The Non Intruding Camera
Let me start by stating that I am not a strolling shooter. I am not a Street Tog, I am a walker. I am not out on the street in a hap-hazard way. I am out there intentionally seeking the images that are seeking me. I do not exist without them and they do not exist without me. That is, unless YOU find them first.
So, here’s the way it works sometimes. I’m out walking with the GRD4 in my hand with a wrist strap. A neck strap also works very well but one must learn how not to struggle with ones gear. Then something calls to me and I start to feel my finger get itchy.
The finger is the main organ in photography. The eye is secondary as it finds the image with the brain and heart but….the finger is the organ that makes the camera expose. It is crucial that the camera provide a nice resting place for the finger. It is also crucial that the camera has a very delicate sexy feel to the finger for exposure.
Anyway, what happens for me is that I start to feel the finger want to work. The other 3 elements, (eye, heart, brain) of the process are analyzing the scene so that the finger can go to work. What I mean is this….

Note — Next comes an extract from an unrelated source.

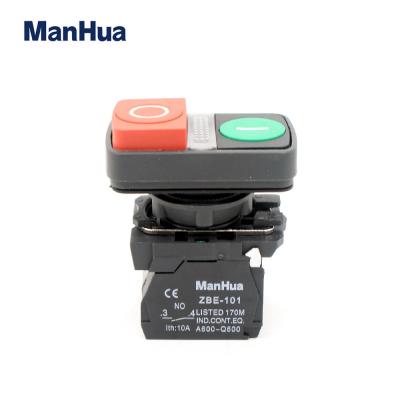 XB5-AL8425 Twin push button switch red-green power supply on off button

The eye generally responds to the scene first. Then the heart or brain get involved. There is no set order to the finding process. Any stimulis could work with any of the 3 elements to seek the image. The danger is that the finger get started first. That’s why they made that stupid multi drive crap years ago that has flooded into our nice easy laid back digital imaging world. A motor drive is for the finger to work first. You start the machine gun and hope to find something in the holes you made. Mostly you don’t or maybe you do by accident.
Once the image starts to form and the 3 elements start to frame, the finger is ready and hopefully, the camera is just as ready as you are. Many times a setting was made wrong, focus wasn’t close or off, exposure was off etc. These things are intrusions. We must be able to detect and control these intrusions. For me, any of the above and about a gazillion other things are not nice and I don’t want them as a part of my process.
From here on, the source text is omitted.